Here’s that original trailer:

Yes, the film does indeed evoke current political divisions in the US. But to the extent that you can infer a message from a trailer, The Hunt seemed rather firmly opposed to the idea of “hunting human beings”—of considering anyone, even (or perhaps especially) those from Wyoming, Mississippi, and Orlando, less than human. After watching the trailer, I figured that, through this parable of political division, The Hunt would be urging its viewers that everyone is human –and that some humans, marked as “elite” in the film, are profoundly immoral for not believing in that central humanist tenet.

As such, The Hunt seems to fall squarely in a subcategory of horror films about hunting humans – beginning with Richard Connell’s short story, “The Most Dangerous Game” (1924) and its subsequent adaptations (e.g., RKO’s faithful 1932 adaptation, The Most Dangerous Game, starring Joel McCrea, 1961’s Bloodlust!, 1994’s Surviving the Game, with Rutger Hauer and Ice-T, and 2004’s The Eliminator) – through more recent fare such as Would You Rather? (2012), the Purge franchise (2013 – present), The Belko Experiment (2016), Nerve (2016), the excellent and underrated (and very politically progressive), Most Beautiful Island (2017), and Ready or Not (2019). In not a single one of these texts is the hunting of humans actually endorsed.

Related: I wrote about “game horror” here.

I’m very happy to see, then, that The Hunt is being released after all. Perhaps not surprisingly, though, its new trailer and marketing campaign seem designed to convince everyone who objected to the first trailer that none of what they saw in the trailer was “real.”

Here’s the new trailer:

Instead of a film about “elites” hunting “normal” people, now The Hunt appears to be about some elaborate pretense, or joke, about people hunting people. We hear: “It wasn’t real.” “We were joking.” “You actually believed we were hunting human beings for sport?” “These are not real people. They’re actors.” And, “You wanted it to be real, so you decided it was.”

Instead of a film about contemporary political divisions told as a parable of people hunting people, we seem to have a film about the spread of misinformation—which is, admittedly, an equally relevant political topic. To the extent that the film’s exploration of misconceptions, paranoia, and conspiracy theories may be overlaid over the parable of hunting people, The Hunt could be an even more interesting film. And, of course, the insistence in the trailer by the “elites” that it’s all a joke could be a cover for the fact that they are actually hunting people! As the leader of the hunted “normals” (Betty Gilpin) says when she’s ridiculed for believing they really were hunting people, “But you are.”

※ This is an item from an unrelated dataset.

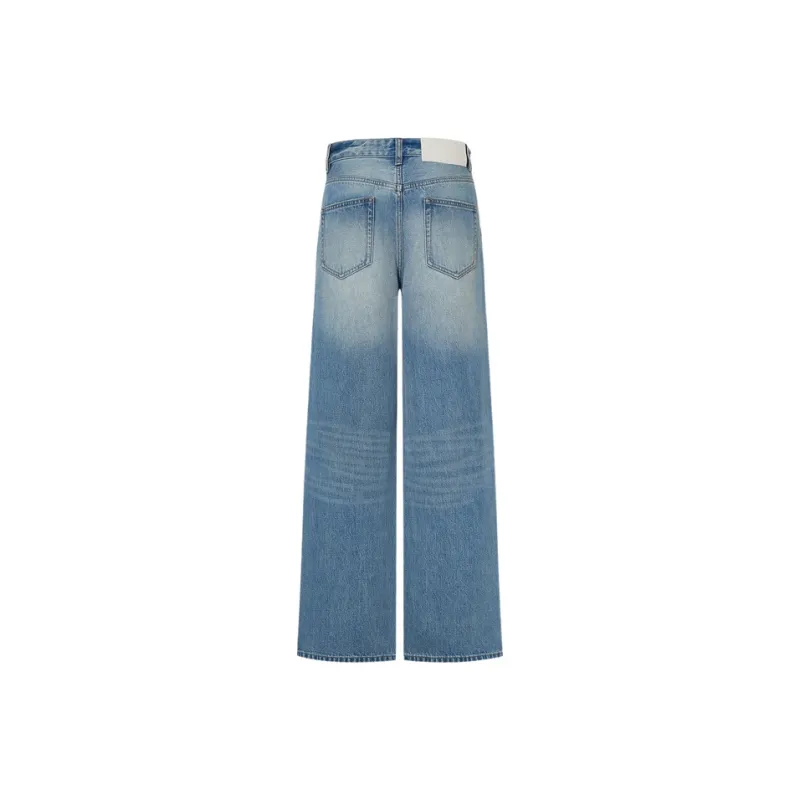 MO&CO GAUCHERE Collaboration Jeans Women's Denim Blue-1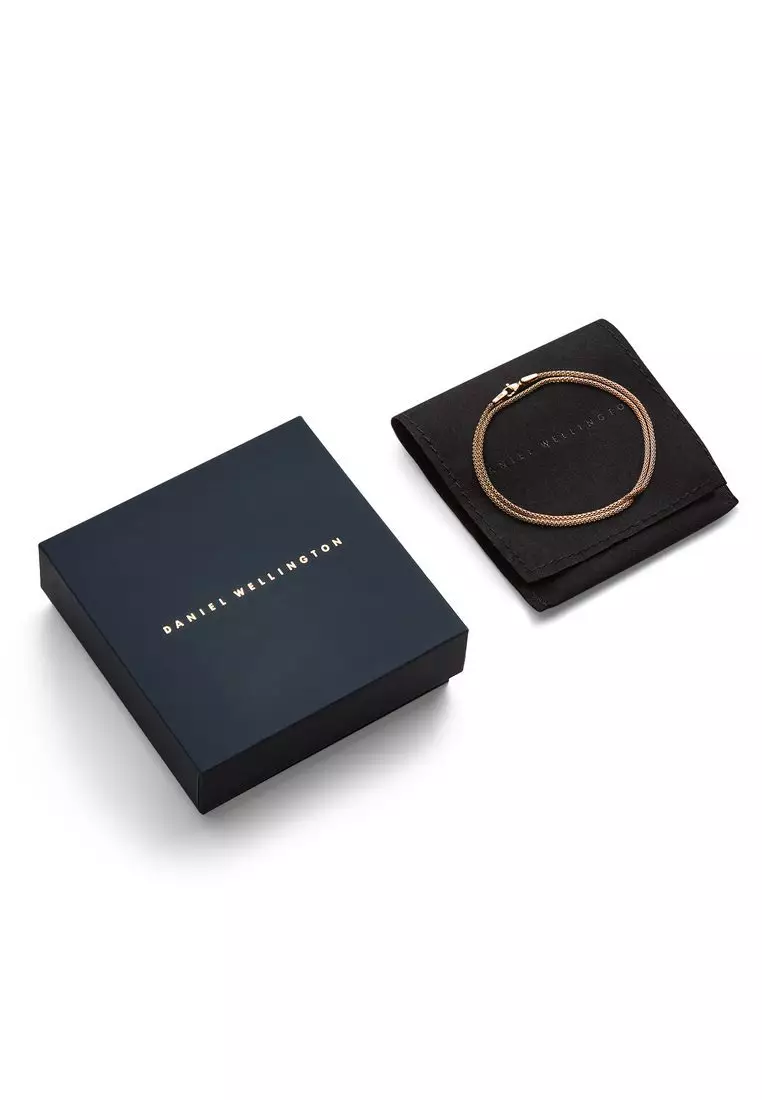 Tide Mesh Necklace Rose Gold 1.8  - Unisex Necklace for women and men stainless steel Necklace DW Official Authentic Original 項鍊 不鏽鋼項鍊 DW 官方正品原裝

There is one thing that does disturb me, though. Damon Lindelof, one of the co-writers of The Hunt, felt he needed to make the following disclaimer in a recent interview with Collider:

I think that everybody in the movie who is extreme and advances extreme positions and stereotypes about the other side, they get their comeuppance. And the one character in the movie who doesn’t identify that way is the one left standing. And so the morality of the movie has always felt very clean to us, which is don’t operate from the extremes and maybe have conversations with one another versus jump to conclusions. But I may be oversimplifying it.”

Horror films produced during the period of the Hollywood Production Code (from the early 1930s through 1968), were required to punish evil and destroy their monsters. What Lindelof told Collider seems to veer dangerously close to expressing the force of a moral code. Are we at a point where the creators of horror have to reassure us that the “monsters” of horror (in this case, those who hold “extreme positions and stereotypes about the other side”) “get their comeuppance”? And does the “morality” of horror movies now need to be clear and “clean”?

I’m about to teach William Friedkin’s brilliant 1974 film The Exorcist. Imagine if he or anyone else involved in the film had felt that they needed to make sure that the bad guys got “their comeuppance”? One of the things that’s brilliant about The Exorcist (and countless other horror films, by the way) is that viewers end the film filled with utter dread that the evil may not have been defeated, that it may persist. I’d hate to see a trend where films that didn’t abide by the implicit rule that the monsters get their “comeuppance” struggled to find distribution.

I hope we see, in The Hunt, a messier film that Lindelof promises, one that raises questions about what’s destructive and immoral and “monstrous,” not a film bent on making it clear that we know what its answer is.  But I’ll definitely be seeing The Hunt (on March 13) before I make any declarations about it.